8.Yang tak kalah pentingnya adalah memantau kepatuhan PLRT (penata laksana rumah-tangga) atau baby sitter kita dalam melaksanakan aturan yang kita buat. Sebagian ibu dengan setengah terpaksa memberikan mereka kebebasan menonton dengan dalih agar mereka betah bekerja dengan kita. Ini bukan alasan yang benar. Kita harus ingat, justru kita yang Insya Allah lebih berpendidikan dari mereka harus mengajarkan mereka kebiasaan-kebiasaan yang lebih baik. Tak jarang karena mereka bebas menonton, anak-anak balita kita-pun ikut nonton dengan mereka, padahal sedang menonton acara untuk orang dewasa. Akan lebih berani lagi jika kita sedang tidak di rumah atau sedang lengah karena mungkin sedang istirahat. Penulis menganjurkan untuk mengikut sertakan mereka dalam mengawasi anak-anak kita dengan cara juga memberi penerangan mengapa kita membuat peraturan ini, apa dampak buruknya acara-acara yang dilarang.
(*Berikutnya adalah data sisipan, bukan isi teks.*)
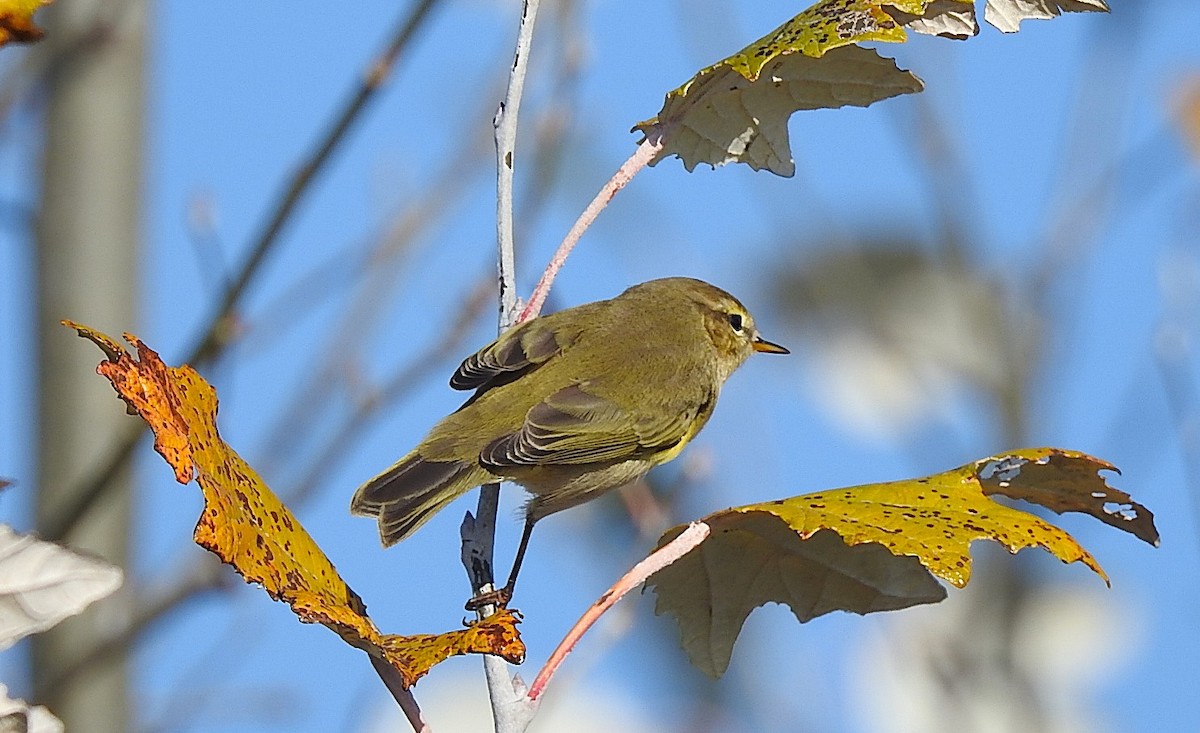 budníček menší - ML644462836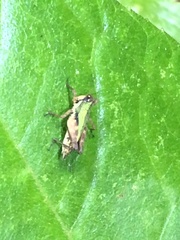 Scaria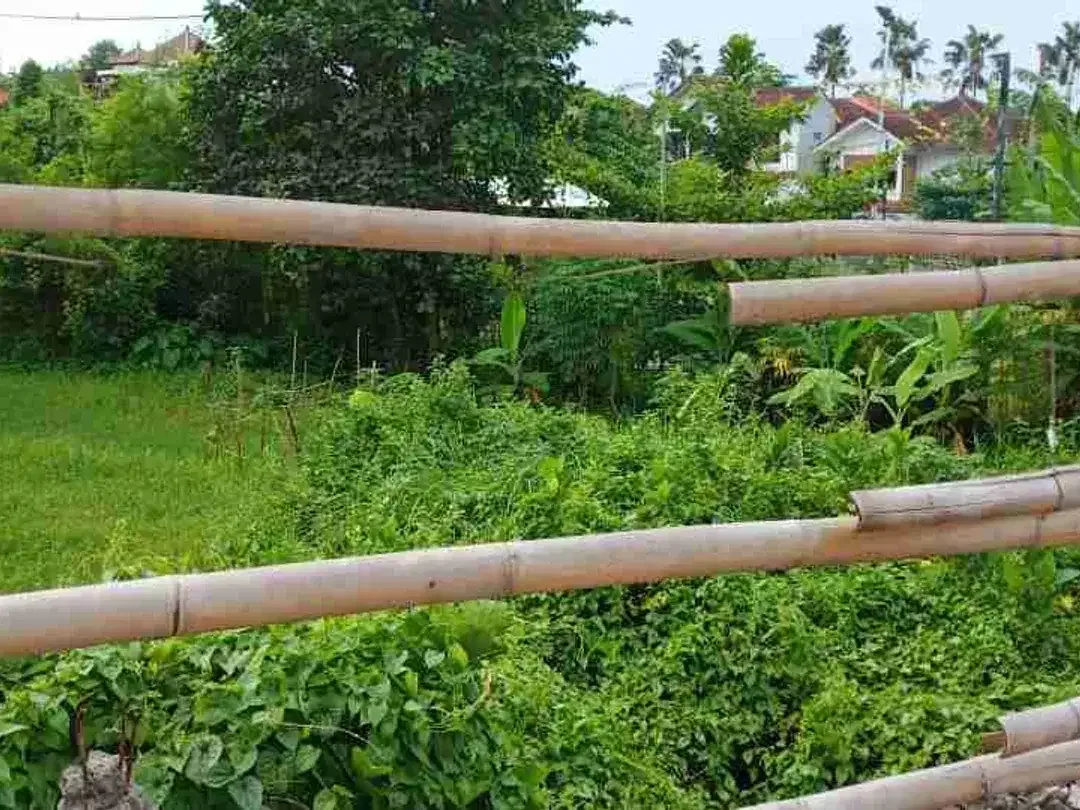 TANAH PLOT KECIL SIAP BANGUN, TEGAL CUPEK KEROBOKAN. BADUNG - Image 8 of 10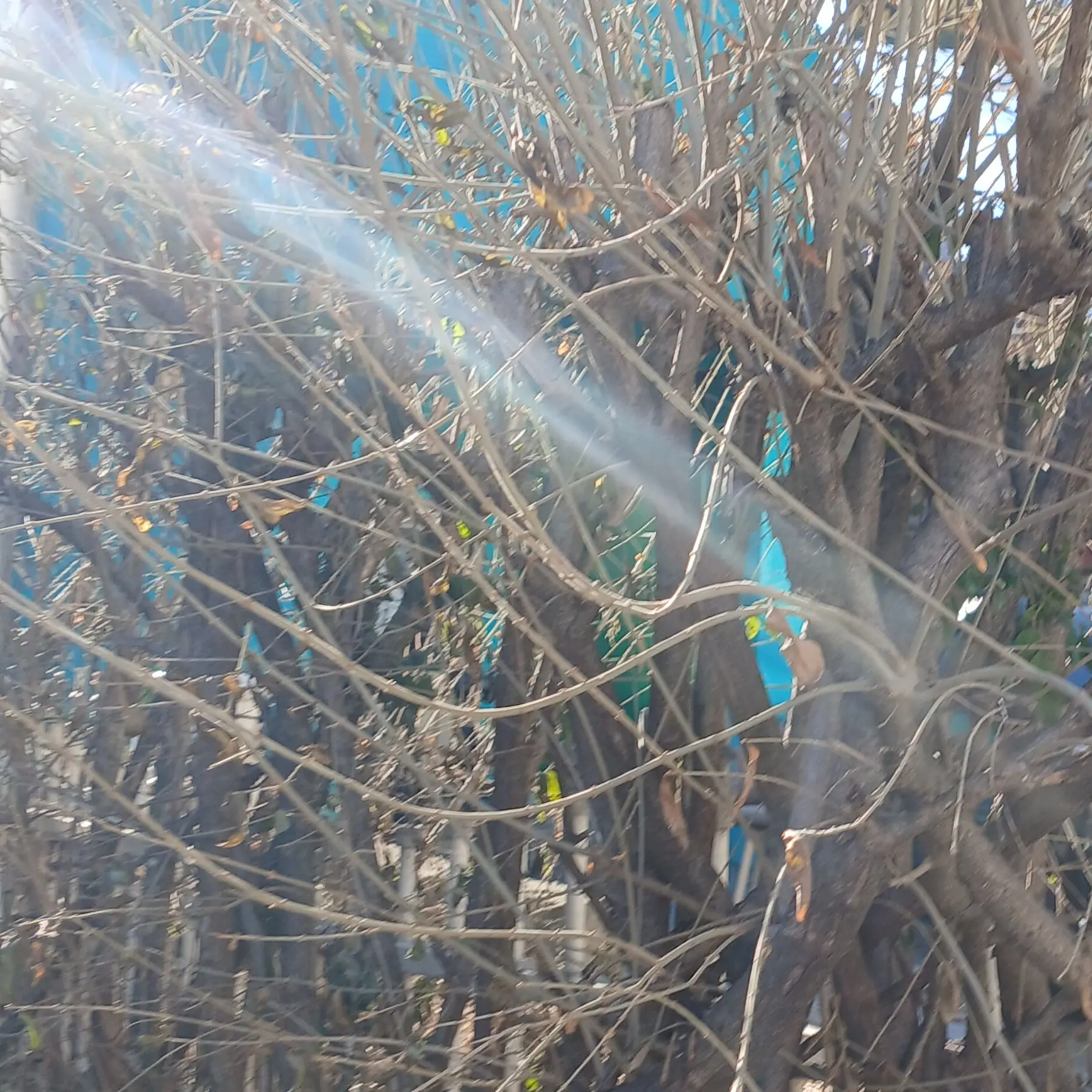 K1015의 남자 버튜버들4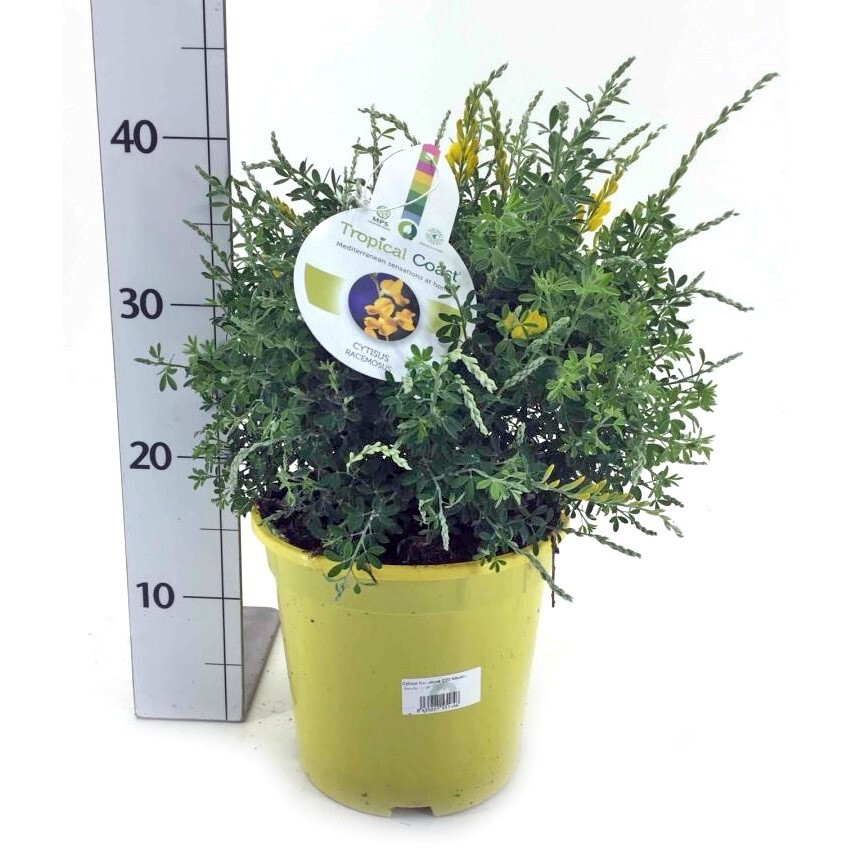 Cytisus racemosus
Berikan mereka wawasan yang kita miliki, Insya Allah ini sudah bernilai dakwah kepada mereka.

9.Tegakkan peraturan agar menghormati adzan di masjid yang terdengar dari rumah, kecilkan volume tv saat adzan di masjid setempat agar kita dapat dengan khusyuk menjawab adzan. Tegakkan juga aturan untuk menghormati yang sedang sholat dengan mengecilkan volume di waktu sholat atau bahkan mematikannya saat acara dzikir bersama pagi sore. Jika kita berhasil mencontohkan hal-hal ini kepada anak, Insya Allah anak akan sadar bahwa tv bukan sesuatu yang mutlak harus didengarkan, bahkan justru harus diatur.

Selain mencermati dan mewaspadai acara siaran tv, pesawat televisi yang kita miliki juga perlu diatur penggunaannya sebagai pesawat untuk menonton vcd, dvd dan lain-lain. Untuk ini aturannya bisa lebih longgar:

1. Jika ada dana yang cukup, ada baiknya mempunyai pemutar vcd/dvd. Karena dapat menjadi alternatif hiburan tontonan selain siaran tv dan kita dapat sedikit-demi sedikit mencicil melengkapi koleksi cd pendidikan yang bermanfaat bagi anak.

2. Jika memiliki pemutar cd, jangan biarkan anak bebas meminjam atau menyewa cd dari mana saja. Baik dari teman maupun rental. Tetap tegakkan aturan pemantauan isi dan jumlah jam menonton. Jangan segan-segan merusak dan membuang keping cd yang buruk isinya, bahkan sekalipun milik teman anak kita. Mengapa? Sebab ketika kita merusak keping cd buruk tadi kitapun sedang berbuat baik terhadap pemiliknya dengan cara mencegahnya mendapatkan keburukan cd tersebut.

Bagaimana? Sudah siapkah kita menerapkan Setiap Hari Dengan TV Terkendali? Ataukah kita merasa cukup dengan sekali setahun mematikan televisi sepanjang hari dan membiarkan 363 ¼ hari kali 24 jam lainnya benda tersebut tetap berjaya menjadi penyebar kesesatan, keburukan dan racun bagi seluruh lekuarga? The Choice is ours together. Wallahua’lam. (SAN)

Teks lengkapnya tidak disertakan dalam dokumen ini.